A campanha política era uma festa interminável. Não existiam ônibus, então as carreatas como são conhecidas hoje, eram feitas em cima da carroceria de caminhões, que saiam pelas ruas da cidade e para as localidades vizinhas, cheios de eleitores cantando e... Bebendo cachaça. Às vezes caia um ou outro lá de cima, mas, ficava tudo bem. Dizem que o Anjo da Guarda põe a mão debaixo de criança e de bêbado, por isso, não se machucam.

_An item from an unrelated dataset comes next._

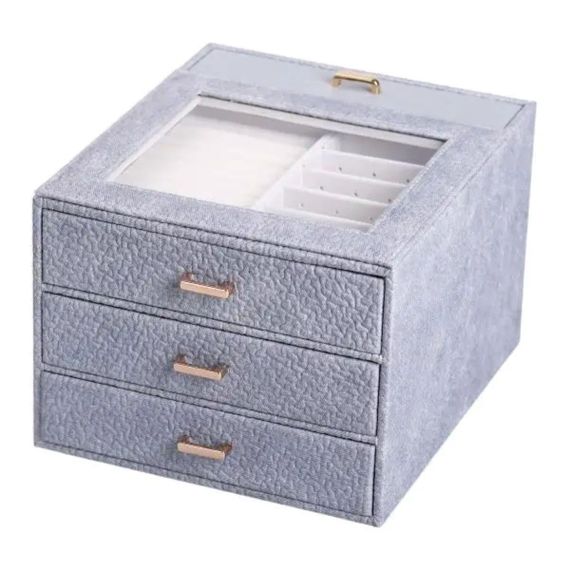 Скринька для прикрас з еко шкіри 3 яруси органайзер для ювелірних виробів HP-5-16G | Зображення 2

O dia da eleição, então, era muito emocionante. O movimento começava nas primeiras horas da madrugada com a busca dos nossos eleitores na zona rural. Estes, com suas melhores roupas, ao chegarem, ficavam em frente à nossa casa, e, quando abriam as seções eleitorais, já estava tudo organizado: um grupo de jovens se responsabilizava em encaminhá-los, considerando que a maioria (a grande maioria) era analfabeta, apenas assinavam o nome. Nesse meio tempo, era preciso cuidar para que os adversários não cooptassem nossos eleitores e trocassem a cédula eleitoral que já estava pronta. Esse era o momento de grandes enfrentamentos. Então, para evitar o pior, vinha a Força Federal ( um destacamento do Exército Nacional) e ficava de prontidão por toda a cidade, principalmente junto às seções eleitorais, onde aconteciam as brigas e também para dar segurança às urnas para que não fossem violadas.

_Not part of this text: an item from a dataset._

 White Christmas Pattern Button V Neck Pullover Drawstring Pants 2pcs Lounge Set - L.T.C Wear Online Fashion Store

Antes da apuração, a boataria era grande. Aconteceu isso, aconteceu aquilo! Lembro-me da eleição em que meu tio foi candidato a prefeito. A votação já estava encerrada e a casa cheia de gente, aí chegou um amigo e disse:
- Estão dizendo que o candidato adversário engoliu a chapa (dentadura postiça) ;
Então, alguém prontamente respondeu:
- Se engoliu, já botou, porque agorinha mesmo estava com ela...
Foi uma risada geral antecipando a vitória que seria confirmada às duas horas da madrugada. E dê-lhe festa e foguetões. Francisco de Oliveira Cabral, nosso tio, foi o prefeito durante 15 anos, no tempo do Estado Novo. Era um jovem de 21 anos. Posteriormente foi eleito pelo voto popular. Assim, rivalizando com o nosso prefeito Alcides Vicini, ele também foi prefeito durante 20 anos.
Devo confessar que muitas das minhas lembranças se toldaram, e ao evocá-las, viraram pó como um cristal irremediavelmente quebrado. Porém, não me esqueço do sol queimando; a claridade das ruas; as pessoas correndo; as brigas; a disputa ferrenha pelo poder; a emoção da abertura das urnas, e depois, se Deus ajudasse , a vitória e a festa da posse.
Nota de Cícero Lajes - Teresa Christensen é uma lajense que saiu de sua terra natal ainda adolescente e construiu uma carreira de sucesso em Santa Rosa RS. Professora universitária, com 16 livros publicados na linha da História Horal, exerceu cargos importantes na Educação do Rio Grande do Sul. Teresa é filha de Honório Antunes de Souza e Maria Procópio de Souza, e é irmã de Arilda Antunes, Edna Antunes, Francisco Hélio de Souza, Maria Pereira (irmã de criação), Jório e Antônio Procópio.